Developers and building owners are constantly searching for pathways to extend their buildings to the great outdoors.
Take the case of the iconic Willis Tower in Chicago, whose owners recently announced a $500 million facelift of the nation’s second-tallest building. That renovation will include a 30,000-sf outdoor deck and garden and a new three-story, all-glass structure that will sit on top of the skyscraper’s existing street-level stone plaza. The new design will break the barrier that currently separates the building from the urban streetscape.
Museums are especially keen to use their outdoor areas for exhibits and gathering places for patrons. One such building is the new Whitney Museum of American Art, located between the Hudson River and the High Line in New York’s Meatpacking District.
“There was a strong desire to expand the notion of what the gallery might be,” says Scott Newman, FAIA, Partner at Cooper Robertson, the Whitney Museum’s executive architect. (Renzo Piano Building Workshop was the design architect.)
Newman and his firm’s Senior Associates Greg Weithman, AIA, and Thomas Holtzman recently published a white paper, “Exterior as Gallery,” which details the design and engineering complexities behind the Whitney’s deployment of 13,000 sf of outdoor space and terraces to attract new audiences.

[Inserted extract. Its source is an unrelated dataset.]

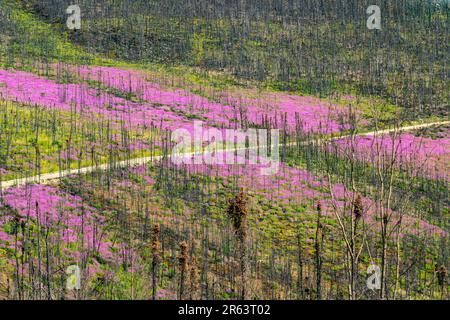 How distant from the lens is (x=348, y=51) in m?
80.4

The Whitney engages the High Line’s year-round crowds “with super-scale works of art mounted on its exterior planes,” the authors write.
The museum’s façade consists of seven-inch-thick architectural precast concrete panels—some weighing 20,000 pounds—and a steel-plate-clad unitized curtain wall system. Ultra-clear, low-iron glass walls make the outdoor space an extension of the interior galleries. A dense pattern of stainless steel bolts project half an inch off the face of the building; crews can tether lanyards to the bolts to lock in, level, and stabilize an art installation and platform.
The Whitney project team: Renzo Piano Building Workshop and Cooper Robertson (architects), Robert Silman Associates (SE), Philip Habib & Associates (CE), WTM Engineers (flood mitigation), Jaros, Baum & Bolles (MEP/FP), Heintges (building envelope/curtain wall consultant), Arup (lighting), Mathews Nielson Landscape Architecture, and Turner Construction (CM). Photo: Ben Gancsos.
Works of art can also be anchored to four art terraces suspended from the façade. The terraces, which are connected by stairs, provide visitors with a variety of vantage points. They also function as party spaces.
To suspend art legally off of the façade that faces the High Line’s Maintenance & Operations Building, the Whitney acquired the air rights of the M&O terrace. To safely anchor art to the museum’s terraces, the project team integrated hardware produced by TriPyramid, which specializes in high-performance yacht rigging.
Newman says it was imperative to integrate the exteriors as gallery space into the façade early in the design process “so it didn’t look like an afterthought.”
He notes, too, that what distinguishes the Whitney from other museums is that its exterior galleries were designed to be flexible enough to house curated exhibits that change over time. That meant taking into account exterior structural loads, lighting, and audio-visual capabilities.
The façade required local structural frame engineering. Robert Silman Associates, the project’s structural engineer, reinforced the structure to handle the addition of a 600-pound pullout load. The terraces have technology consolidation points with company switches for theatrical performances and A/V needs, cable passes for broadcast events, and data receptacles.
As other building typologies, such as hotels, retail, and offices, are programming their outdoor spaces, Newman cautions that it’s critical for owners to keep in mind that “this is a real investment in the initial cost of the building. Owners also need to accept the idea that they are going to have to curate events, or commit to temporary exhibits,” all of which have costs attached to them.